Task prompt: Could you return every record below word for word, leaving out the pictures?

Extracted data entries
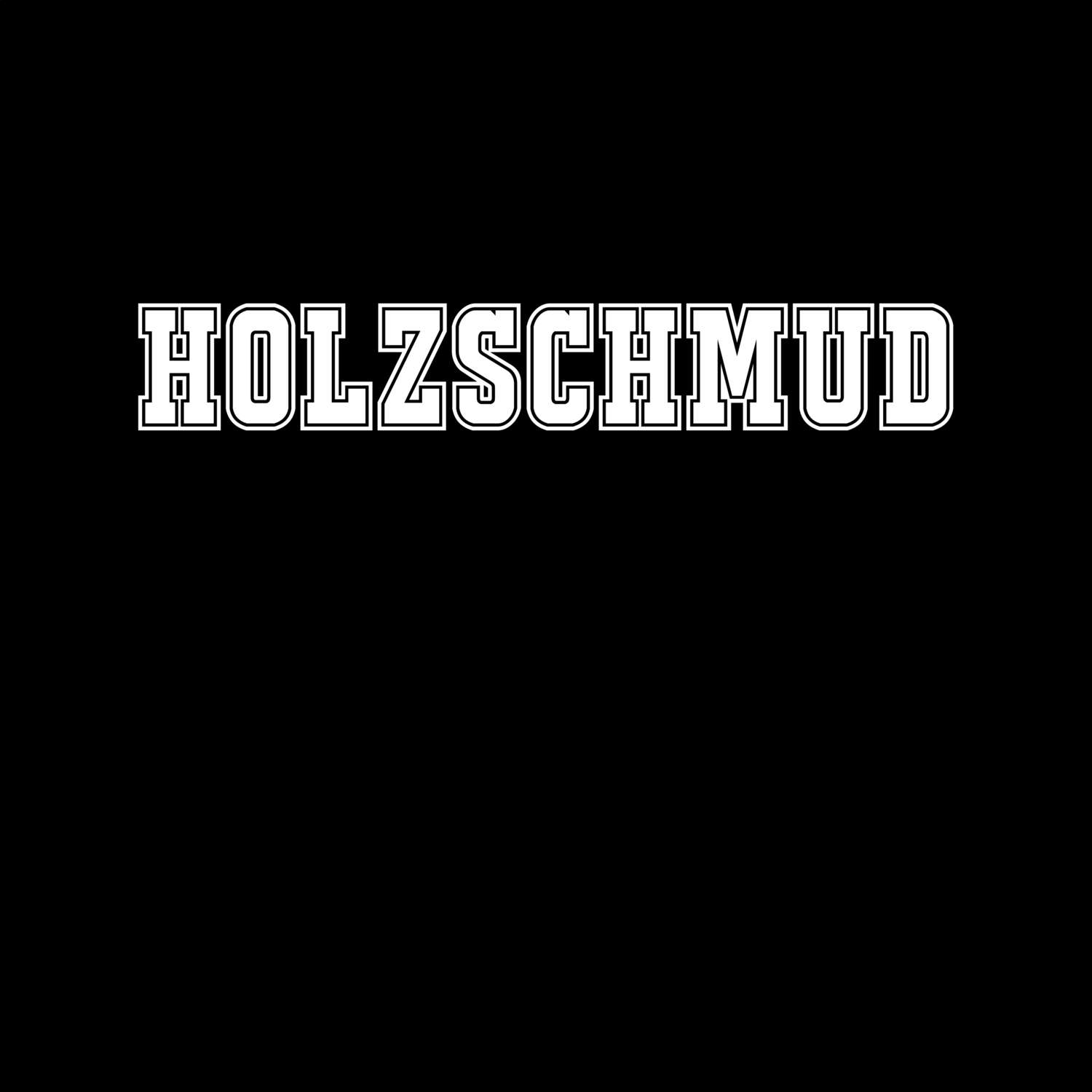 T-Shirt »Classic« für den Ort »Holzschmud«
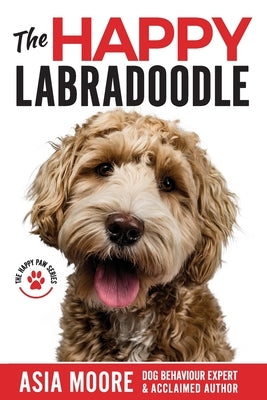 The Happy Labradoodle: The Complete Care, Training & Happiness Guide by Moore, Asia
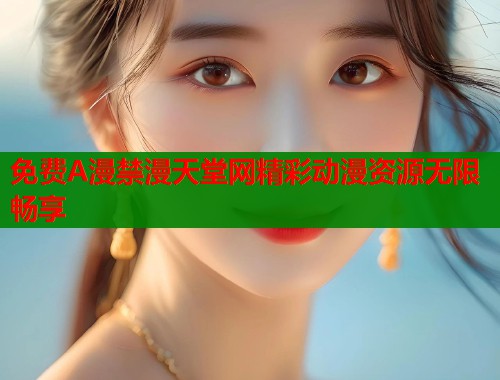 免费A漫禁漫天堂网精彩动漫资源无限畅享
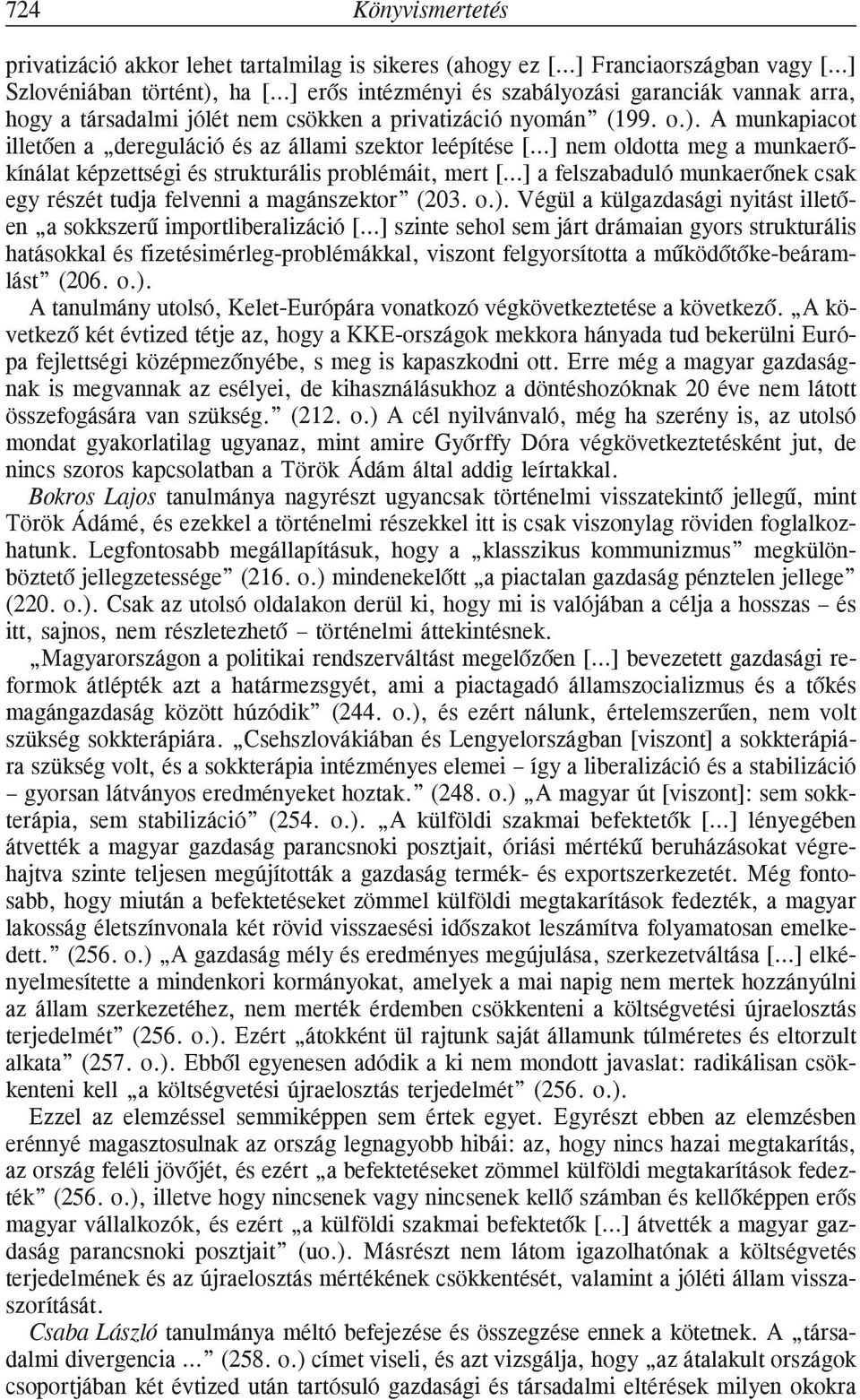 A munkapiacot illetõen a dereguláció és az állami szektor leépítése [ ] nem oldotta meg a munkaerõkínálat képzettségi és strukturális problémáit, mert [ ] a felszabaduló munkaerõnek csak egy részét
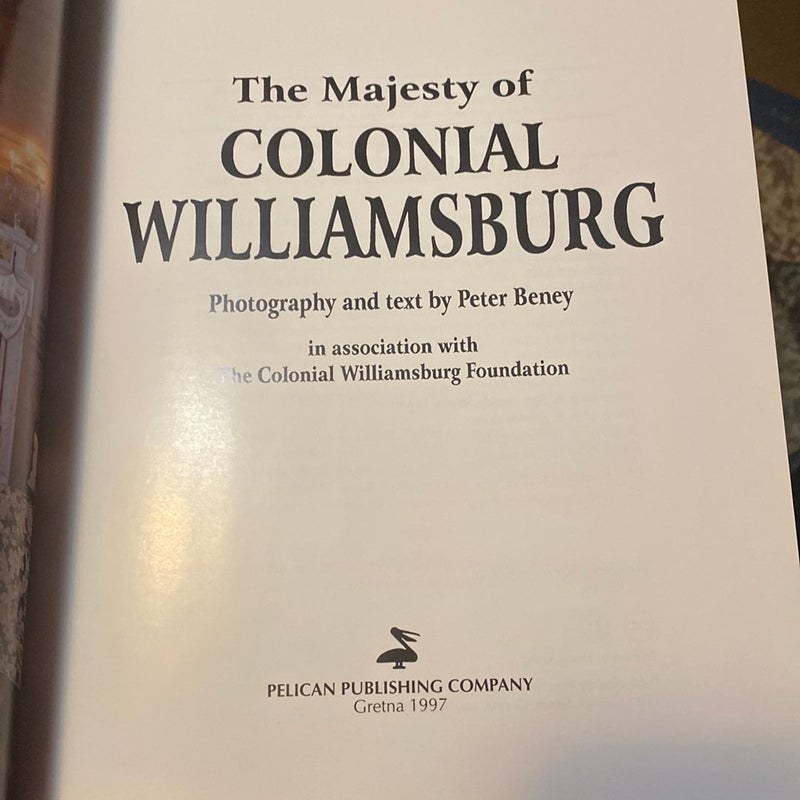 The Majesty of Colonial Williamsburg
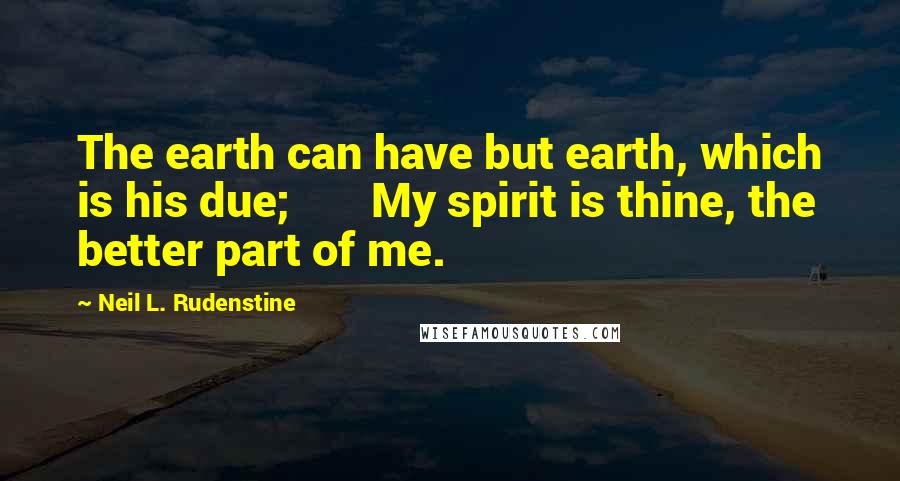 Neil L. Rudenstine Quotes: The earth can have but earth, which is his due;       My spirit is thine, the better part of me.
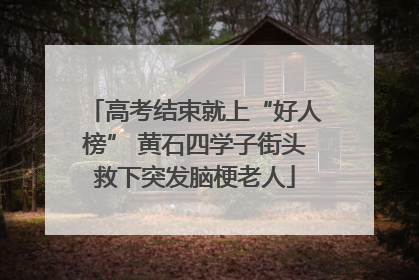 高考结束就上“好人榜” 黄石四学子街头救下突发脑梗老人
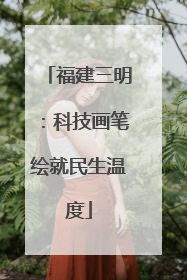 福建三明：科技画笔绘就民生温度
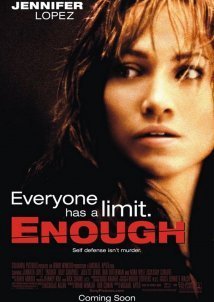 Enough / Αρκετά! (2002)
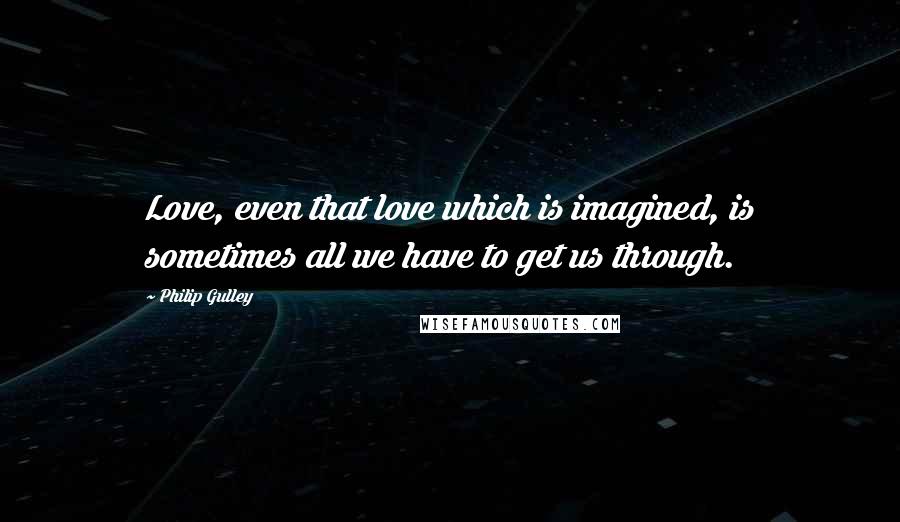 Philip Gulley Quotes: Love, even that love which is imagined, is sometimes all we have to get us through.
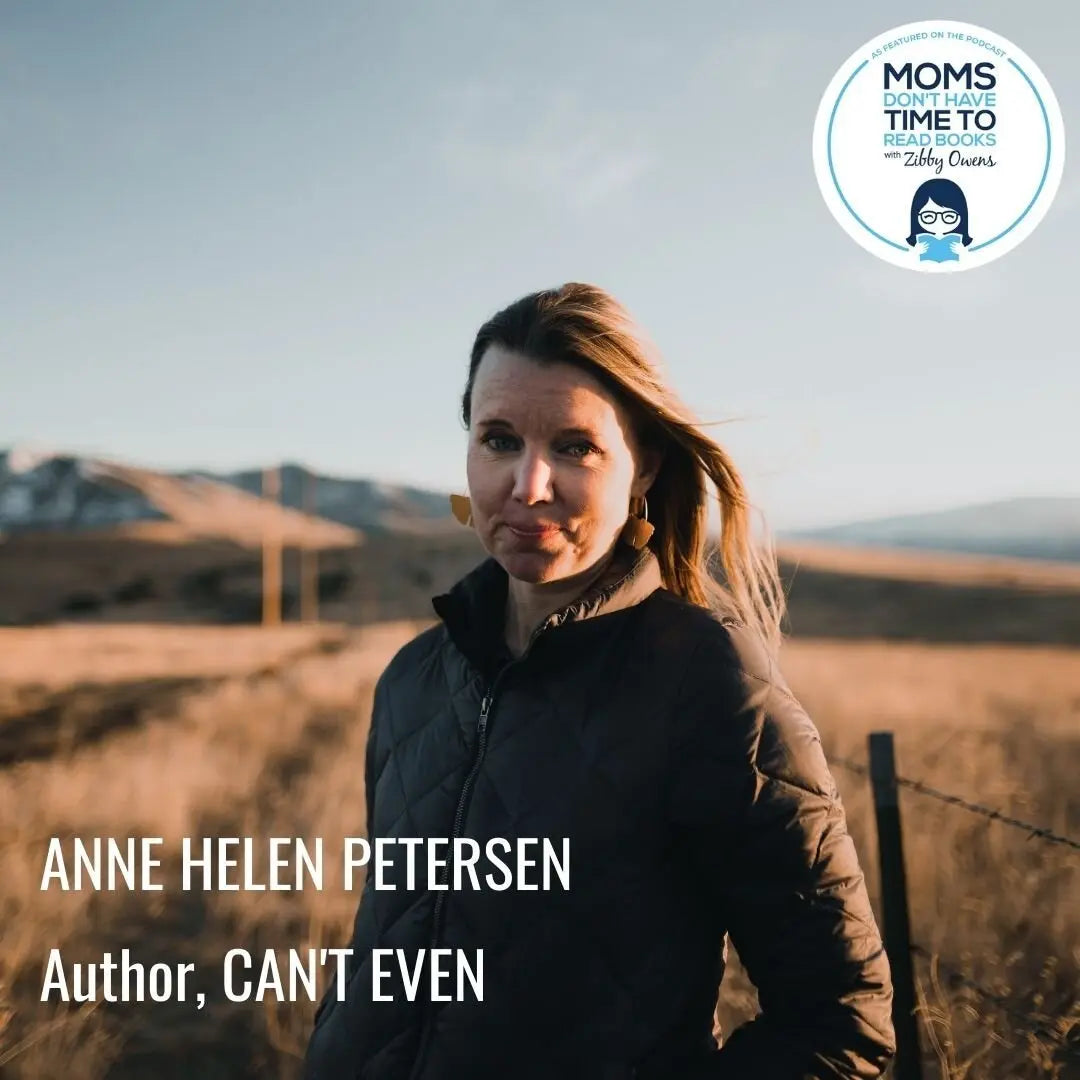 Anne Helen Petersen, CAN'T EVEN - Zibby Media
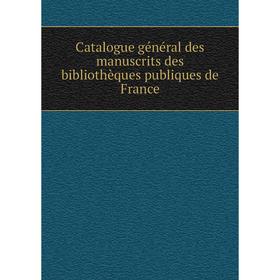 

Книга Catalogue général des manuscrits des bibliothèques publiques de France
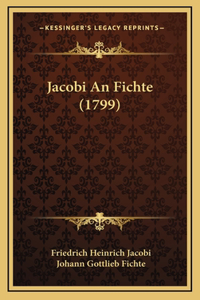 Jacobi An Fichte (1799)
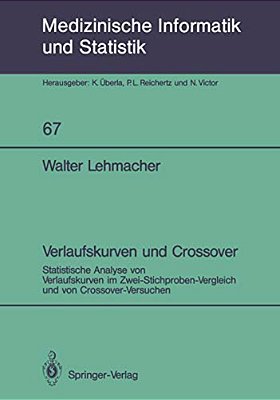 Verlaufskurven Und Crossover: Statistische Analyse Von Verlaufskurven Im Zwei-Stichproben-vergleich Und Von Crossover-Versuchen-..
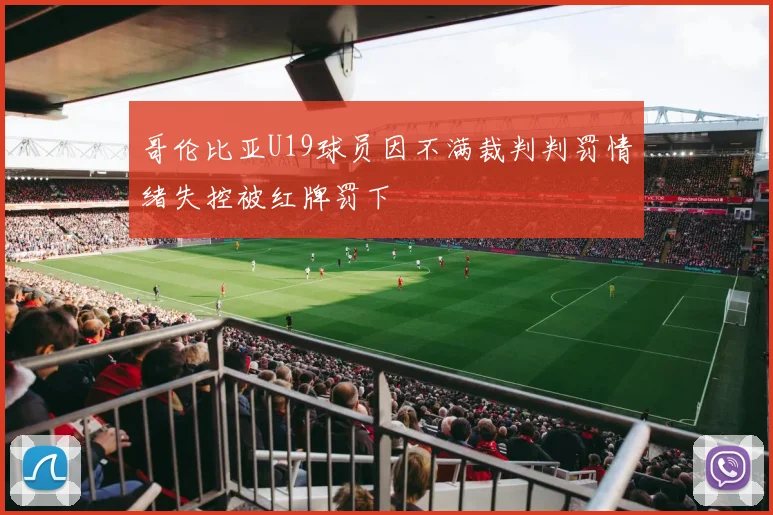 哥伦比亚U19球员因不满裁判判罚情绪失控被红牌罚下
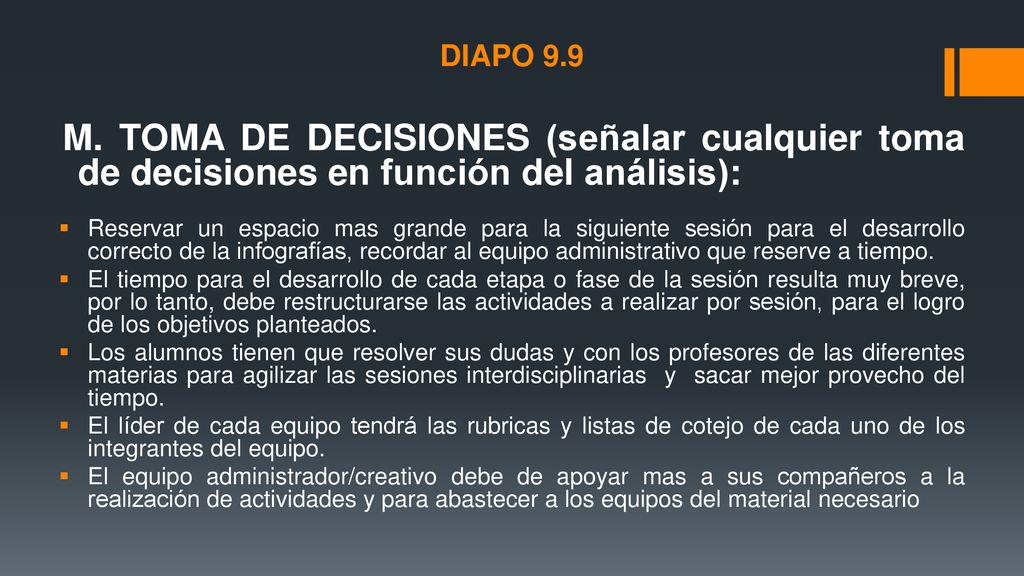 DIAPO 9.9 M. TOMA DE DECISIONES (señalar cualquier toma de decisiones en función del análisis):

Solution below:
 T-Shirt »Classic« für den Ort »Holzschmud«
 The Happy Labradoodle: The Complete Care, Training & Happiness Guide by Moore, Asia
 免费A漫禁漫天堂网精彩动漫资源无限畅享
 A munkapiacot illetõen a dereguláció és az állami szektor leépítése [ ] nem oldotta meg a munkaerõkínálat képzettségi és strukturális problémáit, mert [ ] a felszabaduló munkaerõnek csak egy részét
 The Majesty of Colonial Williamsburg
 Neil L. Rudenstine Quotes: The earth can have but earth, which is his due;       My spirit is thine, the better part of me.
 高考结束就上“好人榜” 黄石四学子街头救下突发脑梗老人
 福建三明：科技画笔绘就民生温度
 Enough / Αρκετά! (2002)
 Philip Gulley Quotes: Love, even that love which is imagined, is sometimes all we have to get us through.
 Anne Helen Petersen, CAN'T EVEN - Zibby Media

Книга Catalogue général des manuscrits des bibliothèques publiques de France
 Jacobi An Fichte (1799)
 Verlaufskurven Und Crossover: Statistische Analyse Von Verlaufskurven Im Zwei-Stichproben-vergleich Und Von Crossover-Versuchen-..
 哥伦比亚U19球员因不满裁判判罚情绪失控被红牌罚下
 DIAPO 9.9 M. TOMA DE DECISIONES (señalar cualquier toma de decisiones en función del análisis):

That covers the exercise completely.